It's the Senate Stupid

By Ron Beasley

The Republican Party has had some good fund raising numbers the last few weeks but one has to wonder how much of that money they will be willing to throw at the sinking campaign of John and Sarah.

GOP dread: Dems could hit 60 Senate seats

The possibility that Democrats will build a muscular, 60-seat Senate majority is looking increasing plausible, with new polls showing a powerful surge for the party’s candidates in Minnesota, Kentucky and other states.

A poll out Friday shows Sen. Norm Coleman could now easily lose his Minnesota seat to comedian-turned-candidate Al Franken. A Colorado race that initially looked like a nail-biter has now broken decisively for the Democrats. A top official in the McCain camp told us Sen. Elizabeth Dole is virtually certain to lose in conservative North Carolina.

Senate Minority Leader Mitch McConnell of Kentucky has seen his race tighten dangerously close over the past week — and Democrats are considering moving more money into the state very soon. And there is even talk that Republican Sen. Saxby Chambliss is beatable in conservative Georgia after backing the economic bailout package opposed by many voters.

“Before the economic crisis, we had a number of races moving our way,” said Matthew Miller, communications director of the Democratic Senatorial Campaign Committee. “But now we’re seeing Republican numbers plummet.” GOP officials largely agree.

Senate races don’t grab national attention like the White House battle does. But if these trends hold, the Senate outcome could be almost as important to Washington governance as the presidential winner will be.

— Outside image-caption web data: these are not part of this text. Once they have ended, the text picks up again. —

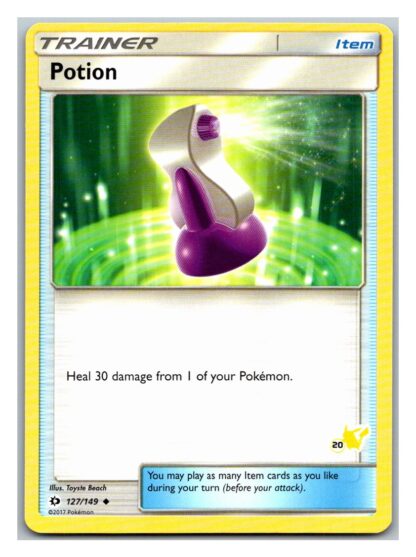 Potion 127/149 Sun & Moon Battle Academy (Pikachu  Deck) (20)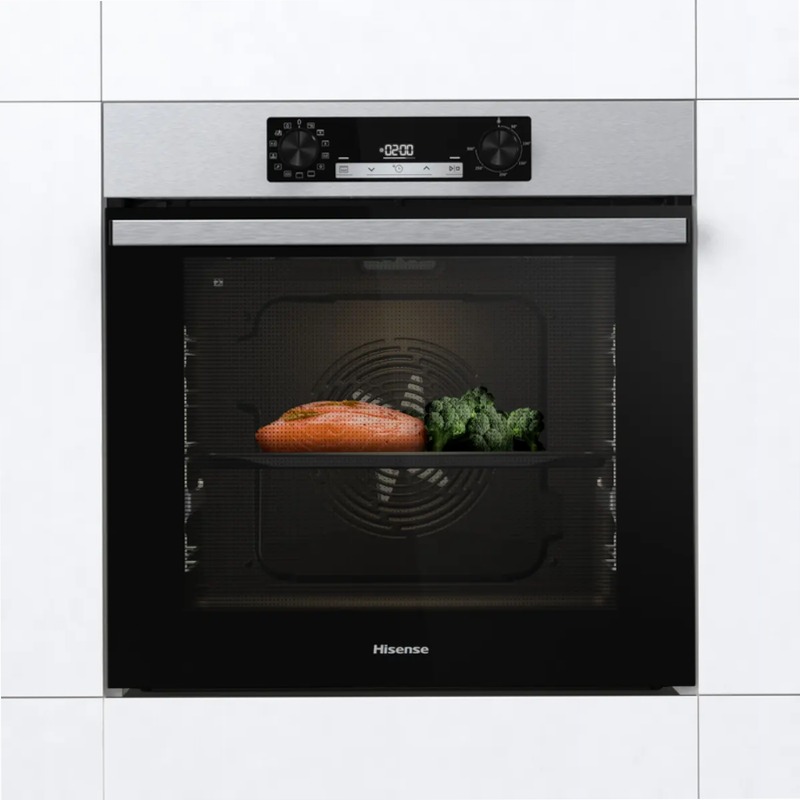 Hisense OVEN BO3PE6C02-5-BI64213E5PX 77 A Acciaio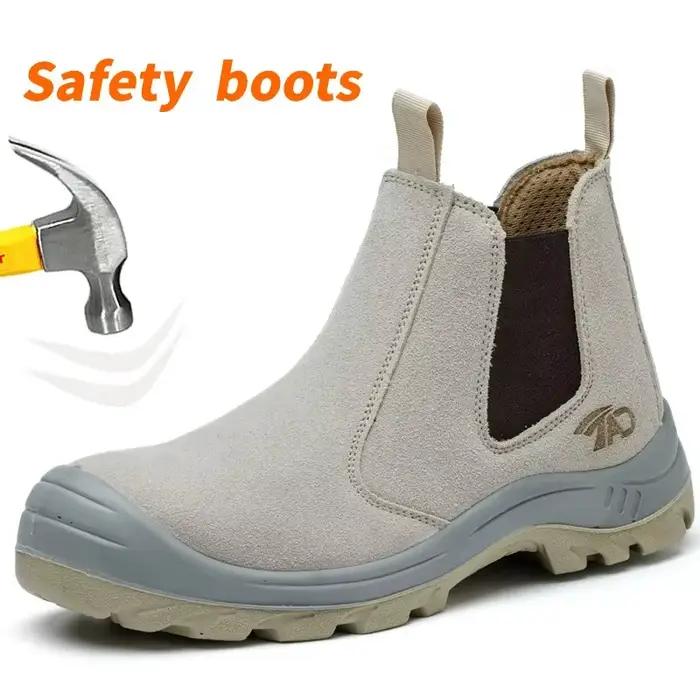 Bottes de sécurité pour hommes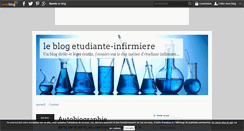 Desktop Screenshot of etudiante-infirmiere.over-blog.com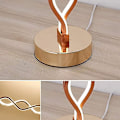 Miniatyrbild 4 av 4: Postmodern Intelligent Dimming Simple Personality Led Floor Lamp Led Lighting Soft Decoration Lamp L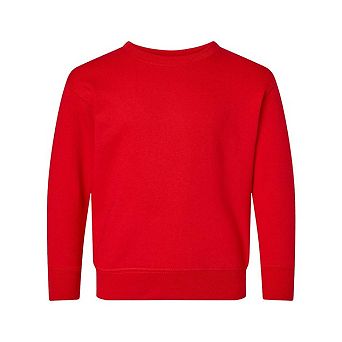 Rabbit Skins Toddler Fleece Crewneck Sweatshirt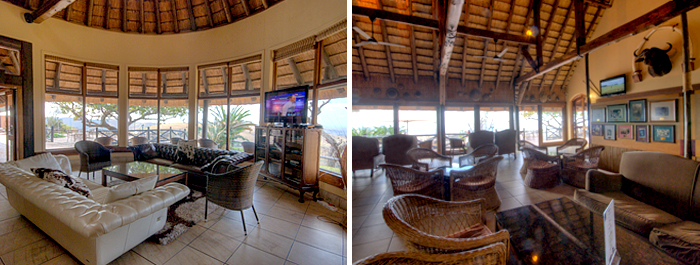 Lounge Hilltop Camp Accommodation Booking Hluhluwe iMfolozi uMfolozi Game Reserve Game Park KwaZulu-Natal South Africa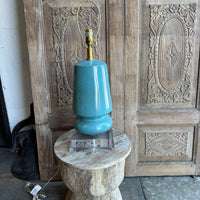 Turquoise Ceramic Lamp Visual Comfort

It takes 60 votes to pass anything through the slow-moving Senate. So the closer the Democrats get to the number, the more power they will have next year to put their stamp on the country.

One of those Senate races is right here in my State of Oregon where incumbent Gordon Smith is in the fight of his life and falling behind.  As I noted here Smith is running as fast and as far as he can from George Bush and the Republican Party.  The major daily in Oregon, The Oregonian, leans right and has always been a Smith supporter.  In a piece today even the Oregonian was only luke warm.

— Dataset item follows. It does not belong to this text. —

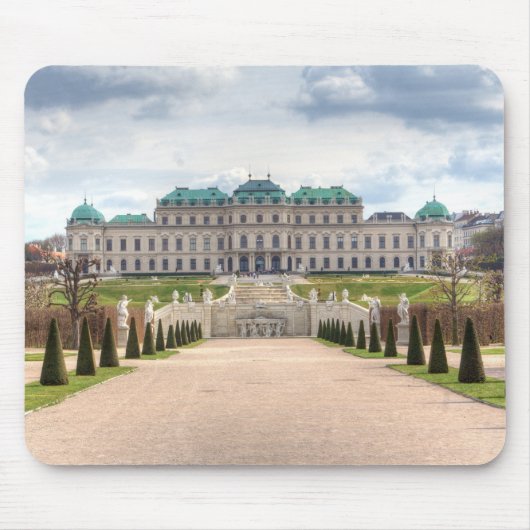 Belvedere Mousepad (Vorne)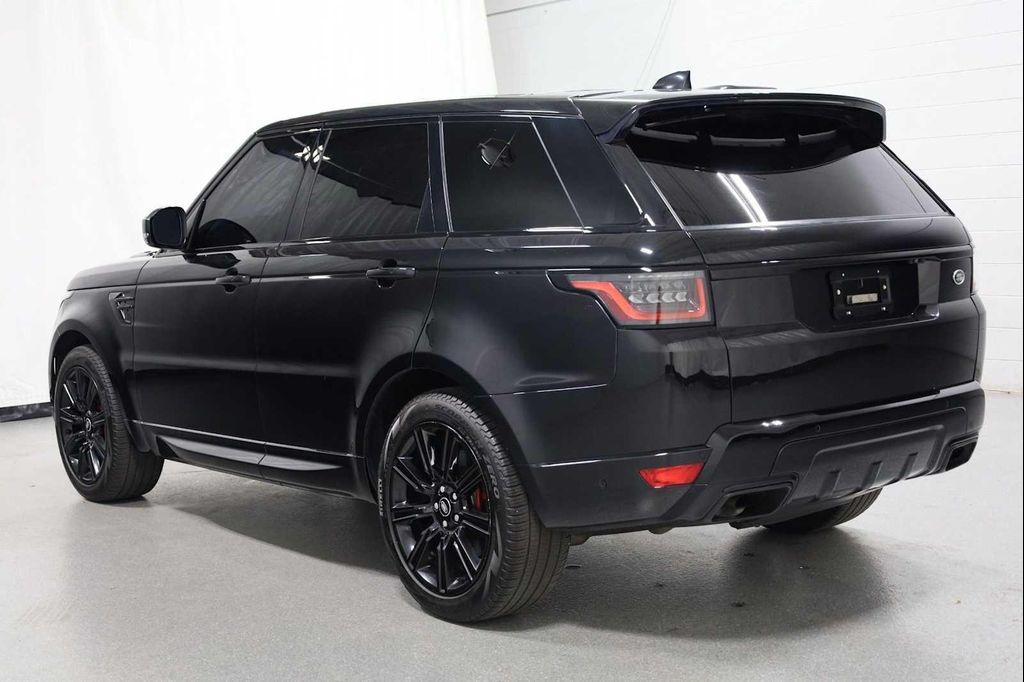 used 2022 Land Rover Range Rover Sport car, priced at $34,999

Smith's record and accomplishments will confront a complicated terrain of mixed signals, victories large but mainly small, ambiguous acts and outright contradictions.

Smith voted to invade Iraq, but three years later the famously reserved senator called the war "criminal" in a speech memorable both for its content and his rare display of emotion.

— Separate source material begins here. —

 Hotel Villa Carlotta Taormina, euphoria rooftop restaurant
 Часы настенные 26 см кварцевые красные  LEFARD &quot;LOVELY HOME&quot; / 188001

He's repeatedly voted in favor of huge spending bills to finance the war. Yet in 2007, Smith co-sponsored an amendment written by Democratic Sens. Carl Levin of Michigan and Jack Reed of Rhode Island that would have required bringing most troops out of Iraq within nine months. The measure failed on a 47-47 vote when only two other Republicans joined Smith.

And about that voting record, The Oregonian:

Smith's Democratic opponent, Jeff Merkley, speaker of the Oregon House, has hammered the Republican incumbent for months as a reliable proxy for the Bush administration. In ads and on the stump, Merkley says that Smith votes with Bush more than 90 percent of the time.

Yet an analysis of key votes in 2007 by the Beltway-focused National Journal shows Smith in the middle. On a scale of 100, he earned a composite conservative score of 52.8 and a liberal composite score of 47.2. Those scores make him the 46th most conservative among the Senate's 100 members and the 51st most liberal.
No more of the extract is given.